With 40km to go, two back to back climbs take you up to the highest point of the 2018 Etape, at 1613 metres above sea level. Col de Romme is the first of these two climbs and is one of the toughest in the Haute Savoie area. The spectacular views only improve as you get near the top, something to distract you from the 9.3km grind at an 8.8% average. Drink and refuel on a fast descent through the forest to Reposoir, ready to take on the last climb of the day.
After 7.5km up the Col de la Colombière at an 8.5% average, you're rewarded with a 13km descent, and then it's a 1.5km false flat to the finish in Grand Bornand.
Tips to help tackle this ride:
If you are taking part in this year’s Etape, you are in for a treat, with spectacular views, challenging mountain climbs and the benefit of closed roads.
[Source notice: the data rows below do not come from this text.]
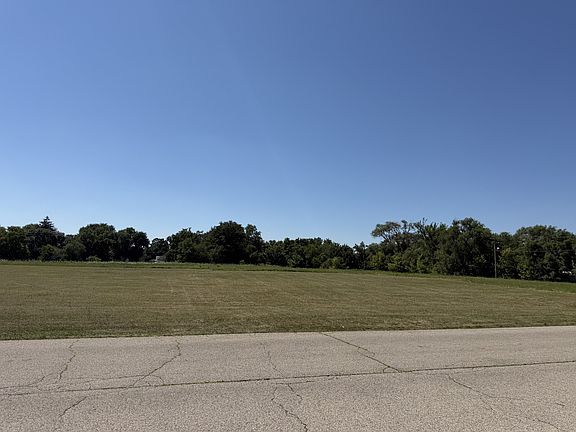 4th image of 353 S Division St Lot 3
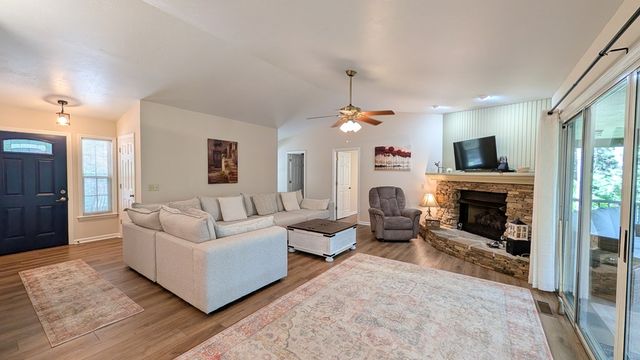 5302 Summerwood Lane, Young Harris, GA 30582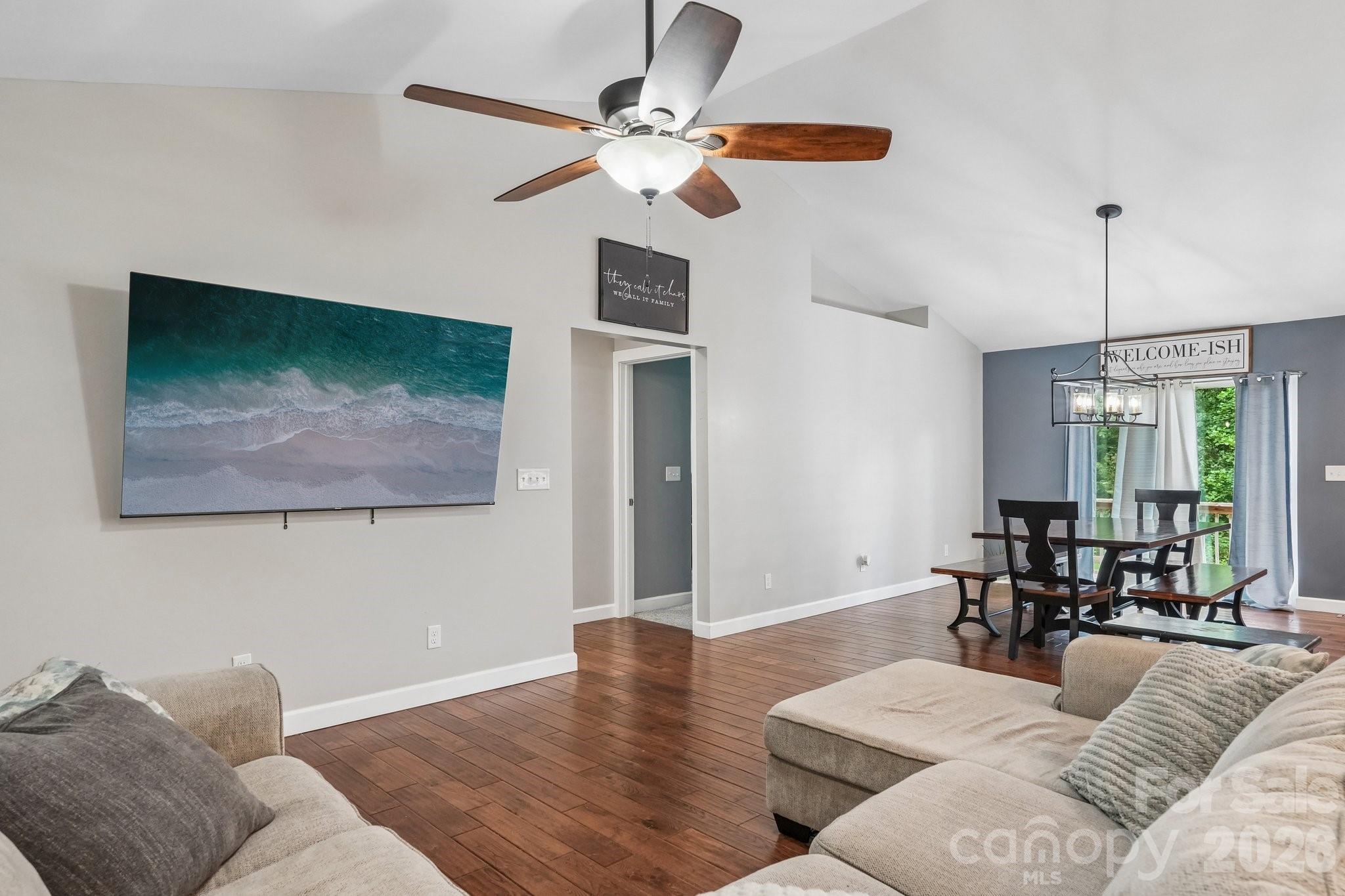 1555 Riverview Road Property Photo 18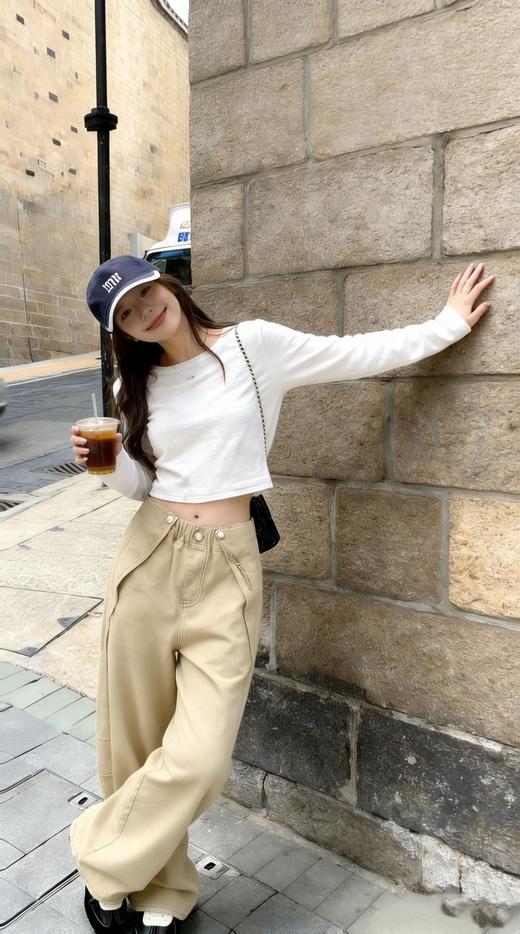 田曦薇同款设计感宽松弯刀裤 商品图10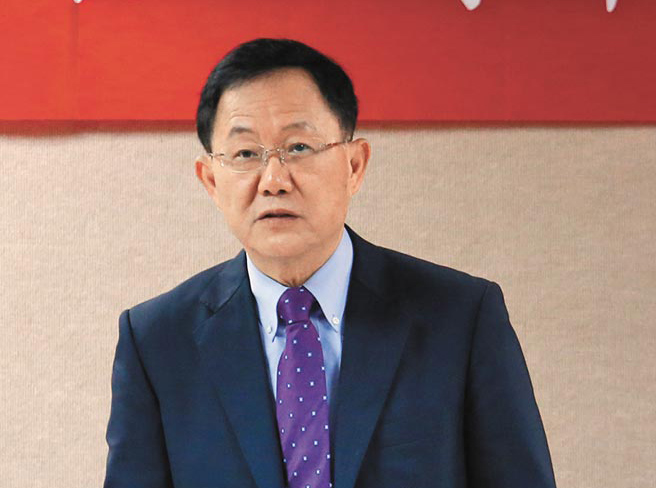 “蓝委”丁守中表态挺洪秀柱:敢出战就是“大咖 ” “蓝委”丁守中表态挺洪秀柱:敢出战就是“大咖 ”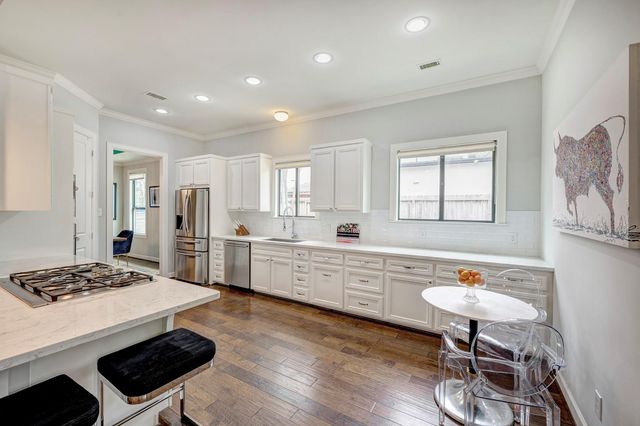 224 W 30th Street, Houston, TX 77018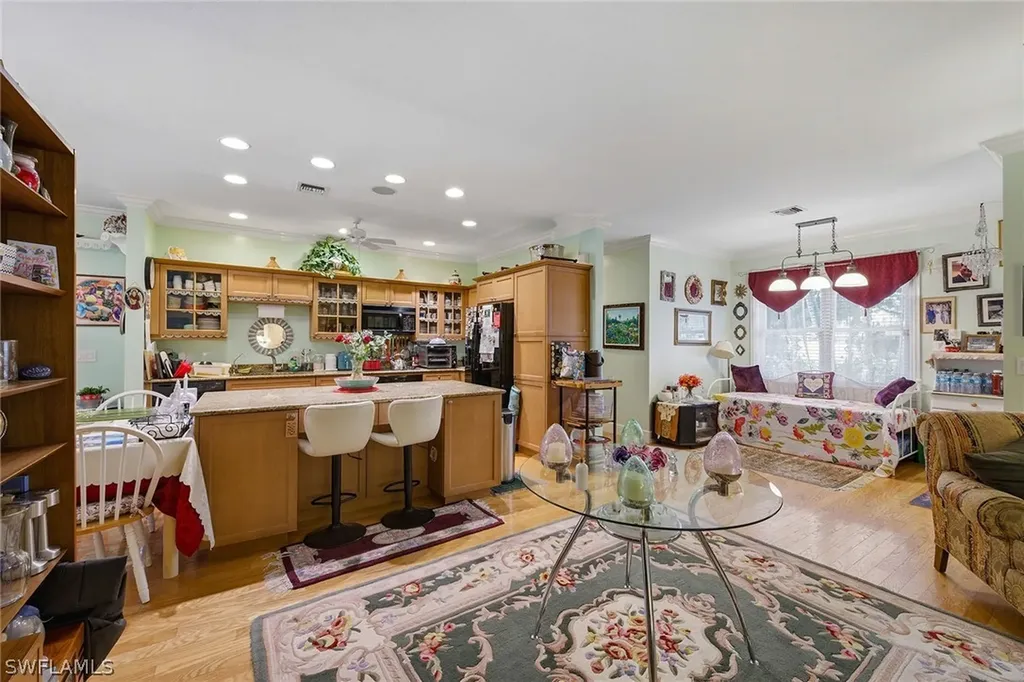 2752 14th Street N Naples FL 34103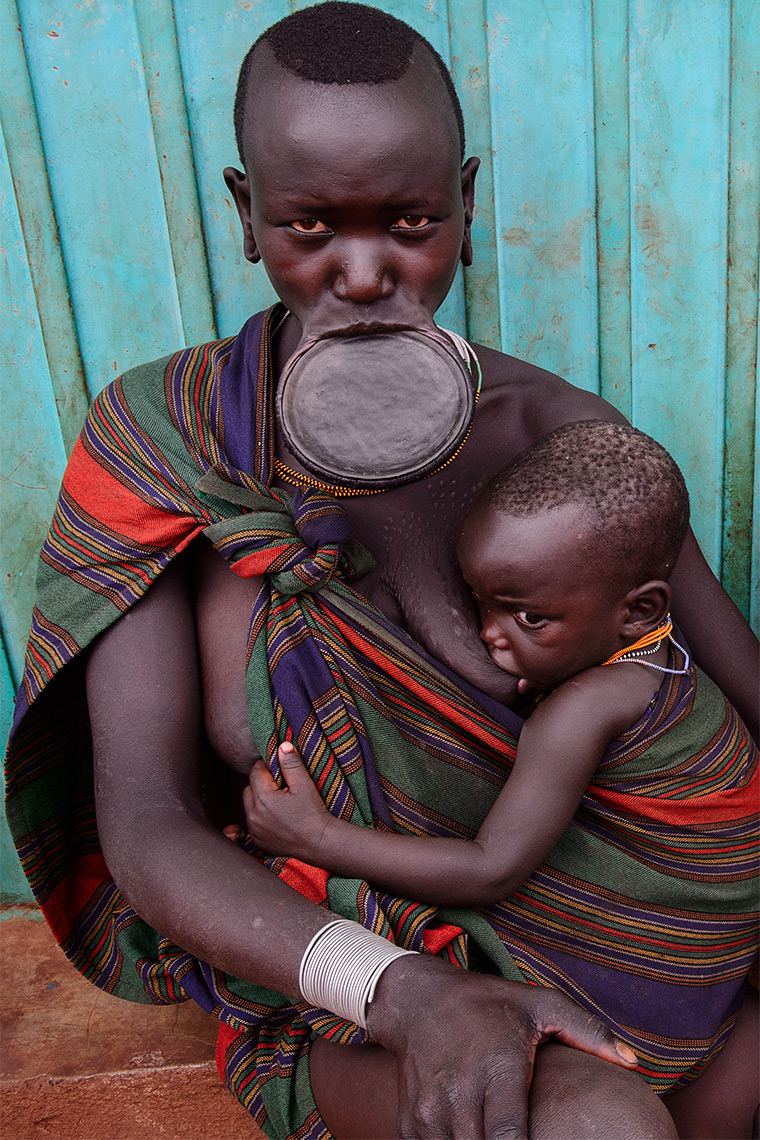 Suri_tribe-woman-with-lipplate-Surma-Tribe-Ethiopia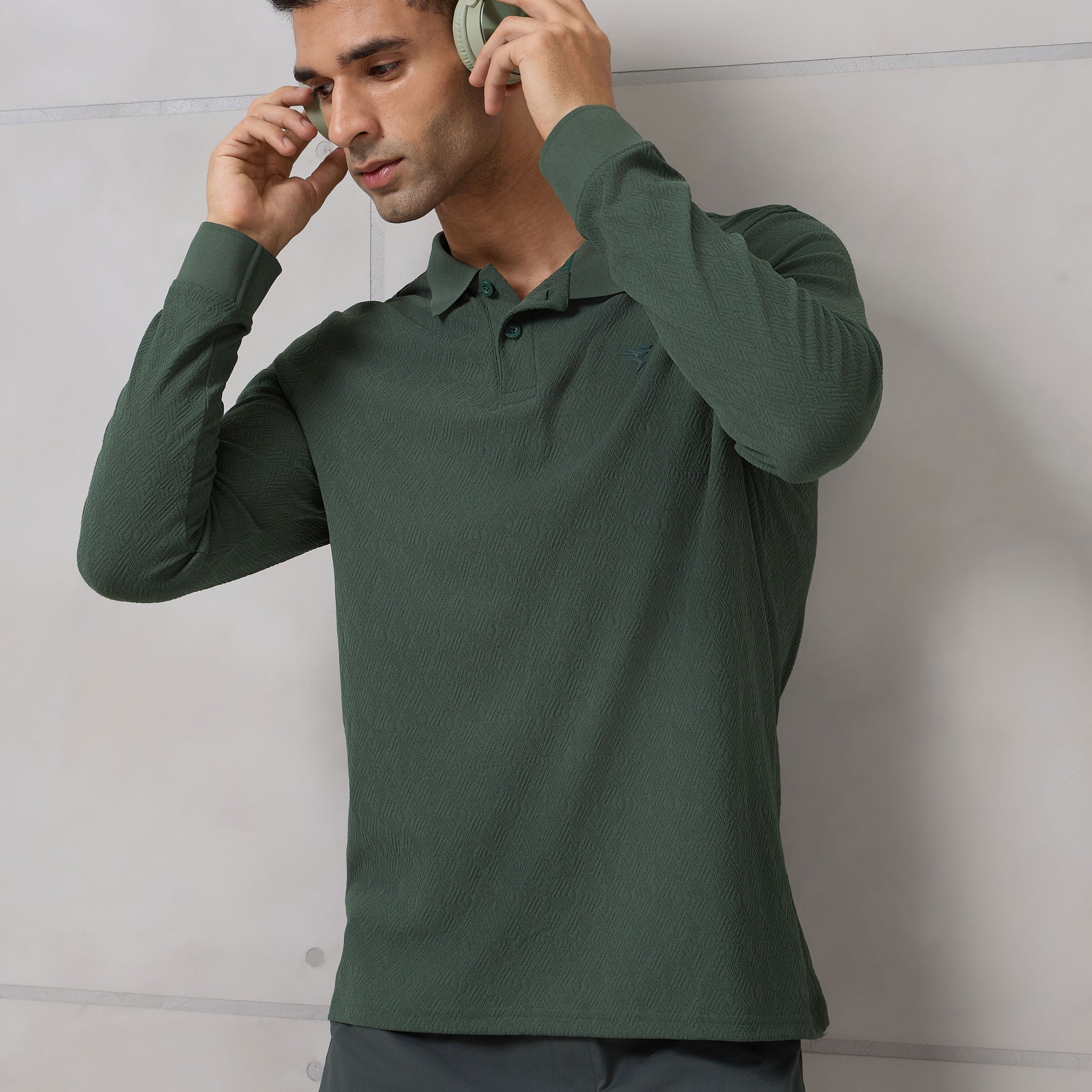 Men Solid Active Out Polo Neck T-shirt with COTFLEX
- Four major climbs feature, two starting just 40km in, and two back to back in the last 40km so take it steady, pace yourself and save something for the later sections. If you feel great when nearing the end, you can use that reserve of energy to push on
- If you are experienced at riding in groups, try and get into a group on the flat valley in the middle section, other riders will help carry you along at a faster pace and will save you energy, but try not to get carried away
- Shift into the small ring before you reach the big cols, and get your legs spinning as the road rears up
- Keep well hydrated - it's worth adding hydration tablets to your water - and eat throughout, taking advantage of the flats and drags to fuel, but be sure to keep this up during the climbs. You should take in food at least every 30 minutes. Little and often is key and make the most of the well-stocked feed stations the organisers put on
- Take the climbs steady and at your own pace, don’t chase other riders as you may go into the red and pay for it later up the road
- Riding on the tops of the hoods when climbing will allow you to take in more oxygen. Try to limit the time you spend climbing out of the saddle as it raises your heart rate and puts more stress on your upper body
- Ride within your limits, especially on the descents, and be aware of other riders and their varying abilities. Changeable weather conditions can alter braking distances, so be aware of the road conditions before you go too hot into a corner
Sure to be a once in a lifetime experience, this years edition may not take in any of the Tour's most famous climbs, however, this is made up for by the spectacular views and the inclusion of an unpaved gravel road. If you are taking part in this year’s Etape, you are in for a treat with challenging mountain climbs and the benefit of closed roads. Most importantly though, enjoy it!